Gentoo Logo

Disclaimer : The original version of this article was first published on IBM developerWorks, and is property of Westtech Information Services. This document is an updated version of the original article, and contains various improvements made by the Gentoo Linux Documentation team.
This document is not actively maintained.


Software RAID in the new Linux 2.4 kernel, Part 2

Content:

1.  Setting up RAID-1 in a production environment

Real-world RAID

In my previous article, I introduced you to Linux 2.4's software RAID functionality, showing you how to set up linear, RAID-0, and RAID-1 volumes. In this article, we look at what you need to know in order to use RAID-1 to increase availability in a production environment. This requires a lot more understanding and knowledge than just setting up RAID-1 on a test server or at home -- specifically, you'll need to know exactly what RAID-1 will protect you against, and how to keep your RAID volume up and running in case of a disk failure. In this article, we'll cover these topics, starting with an overview of what RAID-1, 4, and 5 can and can't do for you, and ending with a complete test simulation of a failed RAID 1 drive replacement -- something that you should actually do (with this article as your guide) if at all possible. After going through the simulation, you'll have all the experience you need to handle a RAID-1 failure in a real-world environment.

What RAID doesn't do

The fault-tolerant features of RAID are designed to protect you from the negative impacts of a spontaneous complete drive failure. That's a good thing. But RAID isn't a perfect fix for every kind of reliability problem. Before implementing a fault-tolerant form of RAID (1,4,5) in a production environment, it's extremely important that you know exactly what RAID will and will not do for you. When we're in a situation where we're depending on RAID to perform, we don't want to make any false assumptions about what it does. Let's start by dispelling common myths about RAID 1, 4, and 5.

A lot of people think that if they place all their important data on a RAID 1/4/5 volume, then they won't have to perform regular backups. This is completely false -- here's why. RAID 1/4/5 helps to protect against unplanned downtime caused by a random drive failure. However, it offers no protection against accidental or malicious data corruption. If you type cd /; rm -rf * as root on a RAID volume, you'll lose a lot of very important data in a matter of seconds, and the fact that you have a 10 drive RAID-5 configuration will be of little significance. Also, RAID won't help you if your server is physically stolen or if there's a fire in your building. And of course, if you don't implement a backup strategy, you won't have an archive of past data -- if someone in your office deletes a bunch of important files, you won't be able to recover them.
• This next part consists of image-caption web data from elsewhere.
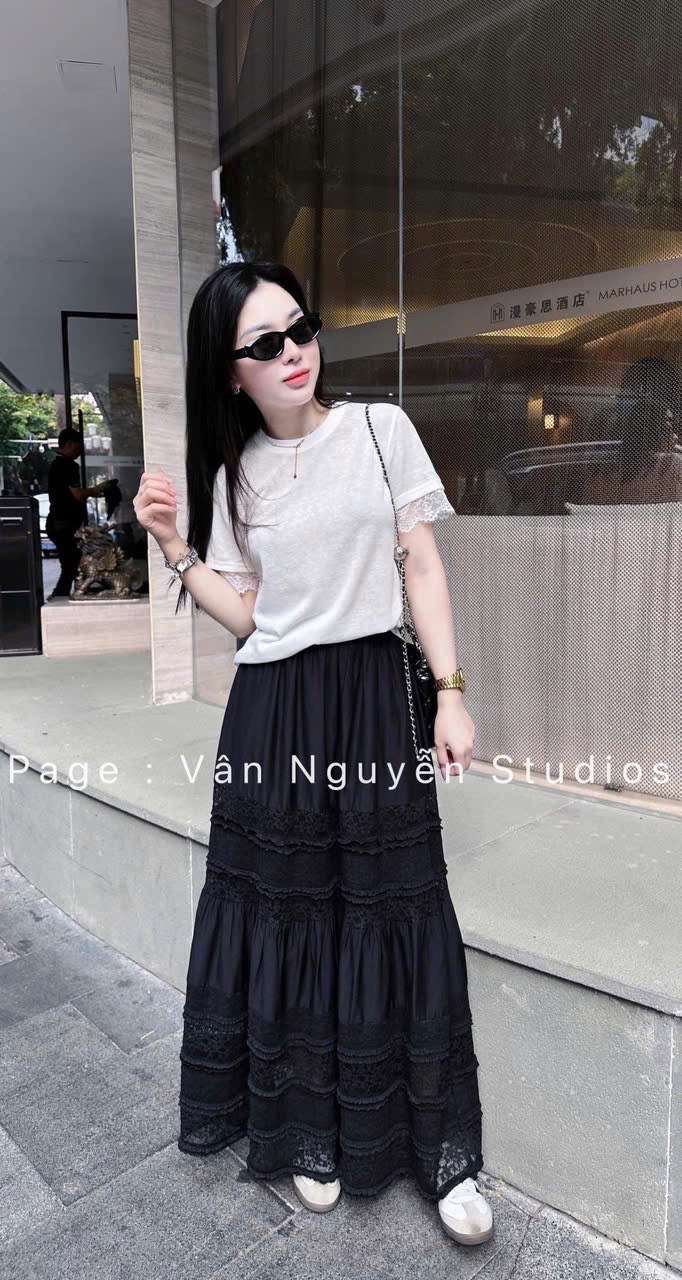 CHÂN VÂY REN MAXI CAO CẤP HOA NỔI QC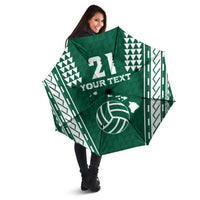 Polynesian Hawaii Volleyball Custom Umbrella Green Kakau with Map Motif LT9 - Polynesian Pride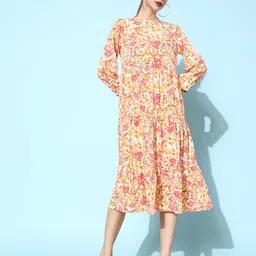 ANVI Be Yourself White & Orange Floral Printed Tie-Up Neck Tiered Crepe A-Line Midi Dress-image-14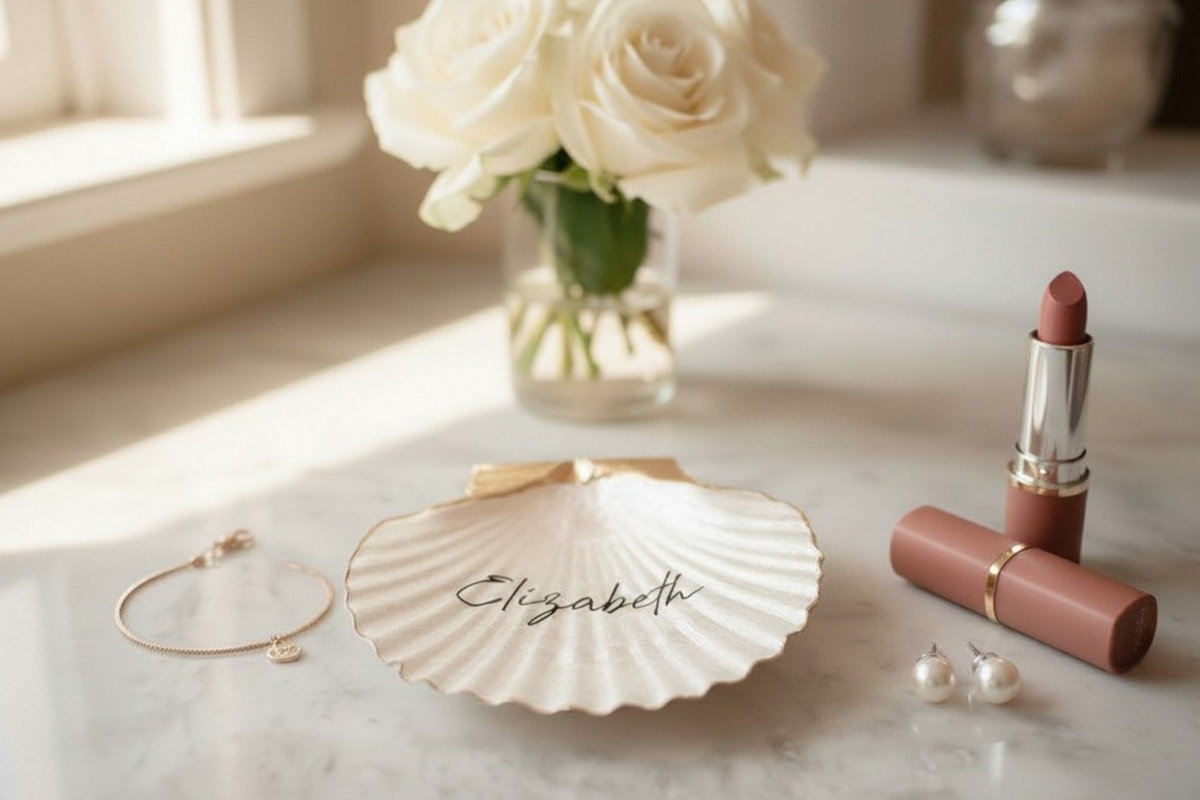 Personalized Scallop Shell Ring Dish – Custom Bridal Keepsake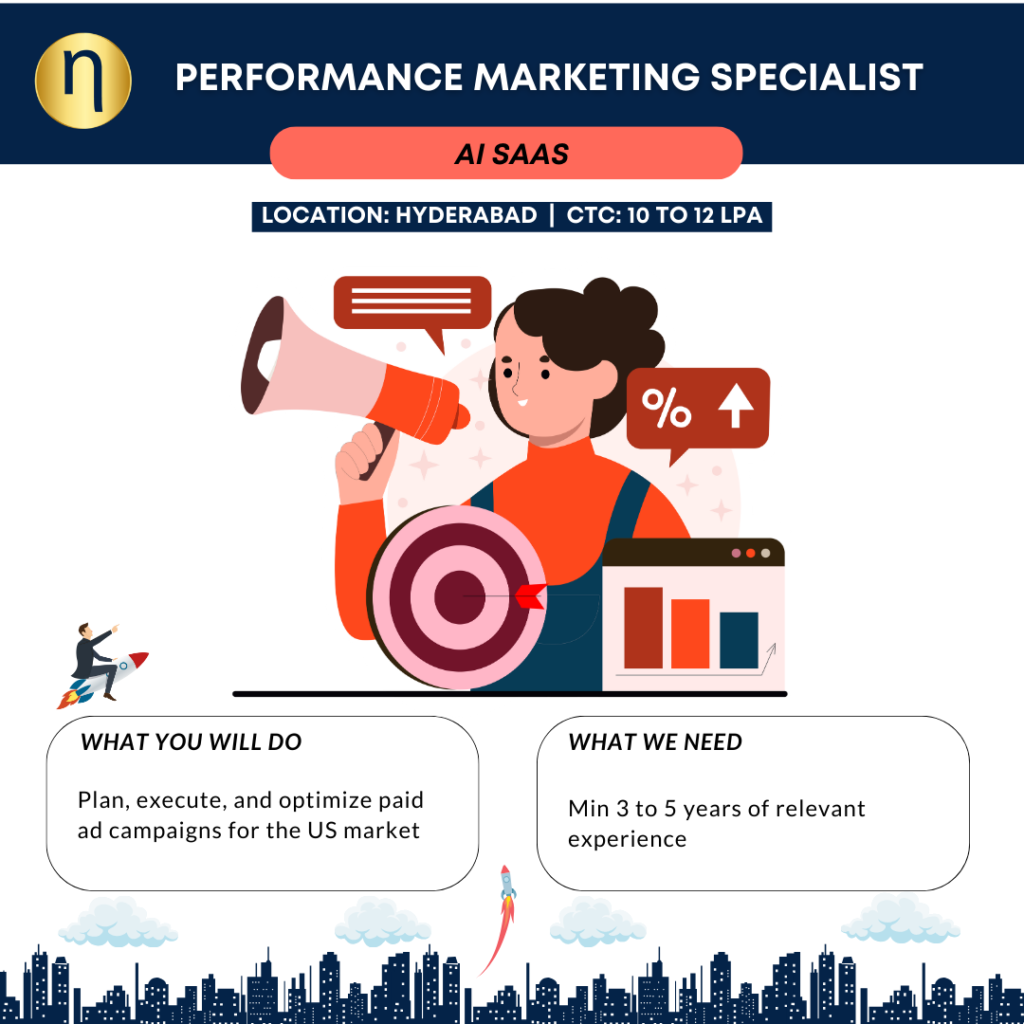 We are looking for a Performance Marketing Specialist for a US focussed AI SaaS Platform with 3-5 years experience.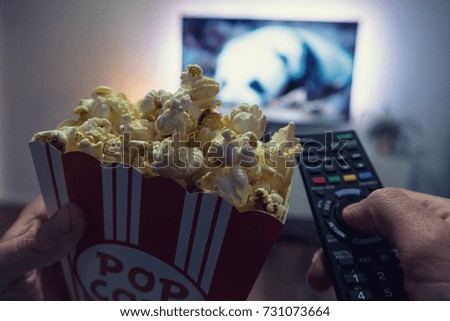 Male hand holding TV remote control and popcorn box, Point of view shot Royalty-Free Stock Photo #731073664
That alone should be enough to convince you that, in most circumstances, you should plan and implement a backup strategy before even thinking about tackling RAID-1, 4, or 5.

Another mistake is to implement software RAID on a system composed of low-quality hardware. If you're putting together a server that's going to do something important, it makes sense to purchase the highest-quality hardware that's still comfortably within your budget. If your system is unstable or improperly cooled, you'll run into problems that RAID can't solve. On a similar note, RAID obviously can't give you any additional uptime in the case of a power outage. If your server is going to be doing anything relatively important, make sure that it's been equipped with an uninterruptible power supply (UPS).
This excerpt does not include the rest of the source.